This story about the AFL-CIO announcing a partnership with the NEA cannot be good news. But it does clarify things, doesn’t it? Time to play hard ball with these folks.

Discussions - 25 Comments

I was more concerned when the NEA helped organize pro-choice marches with its membership money instead of trying to educate young people.

Quite a logical development, politically speaking.

The only surprise is that it didn’t happen years ago. The AFL-CIO in the last decade has become what the NEA already was: essentially a hard-left political operation, with all other considerations secondary.

Yes, it absolutely does "clarify things."
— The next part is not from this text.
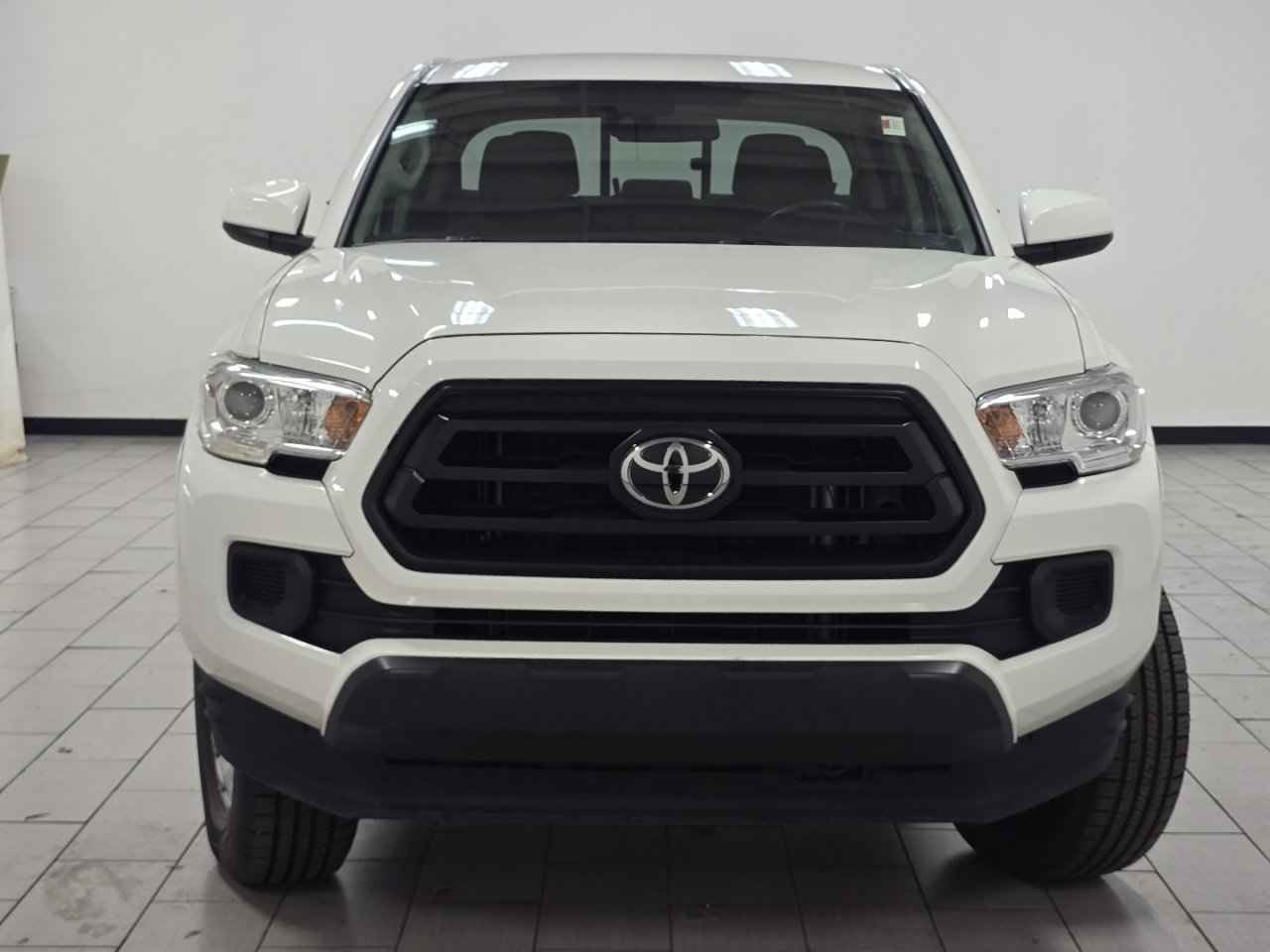 Certified 2023 Toyota Tacoma SR AWD/4WD image 14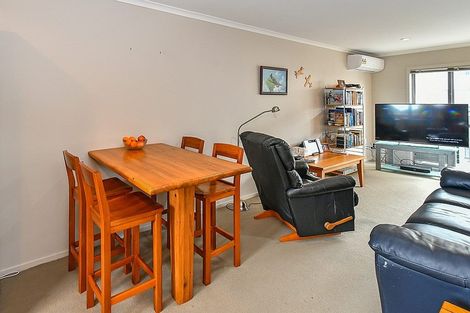 Photo of property in 27/289 Shirley Road, Papatoetoe, Auckland, 2025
Hardball against these people would be most welcome, but the GOP "leadership" seems to be out of steam. So, in the words of Ronald Reagan: "If not us, who? If not now, when?"

Inadequacies in our educational system has become the new third rail in American politics.

No pol. in his or her right mind would dare "get tough" with the NEA.

NCLB has helped cinch this status.

Uh, folks, you may recall the AFL-CIO woes from last summer. In short, this union inexorably stuck in the past. This "partnership" is good news, actually. I would love nothing more than to see these two dinosaurs embrace in mutual self-destruction, relics from a past long gone.

Actually several additional unions have split with the AFL CIO since the first two. So they are not the player they were nor will they have the cash to thrwo around that they did in the past. Still will be throwing it all to the Dems but in smaller shovelfuls.

Everyone likes to complain about the state of education in America, but how many parents sit down with their kids at night and help them with their school work? How many parents take the time to get involved in their child’s education? How many parents teach their children the necessary social and moral skills? Not too many. That leaves the school scrambling to do all of the tasks of a parent and a teacher. Today’s schools don’t just teach the basic subjects. Walk a day in our shoes. Not every teacher is perfect mind you. But before you judge and condemn others, you need to take the plank out of your own eye.

I don’t think anyone is blaming the teachers, who are generally a hard working lot. But, is education really served all that much by the NEA?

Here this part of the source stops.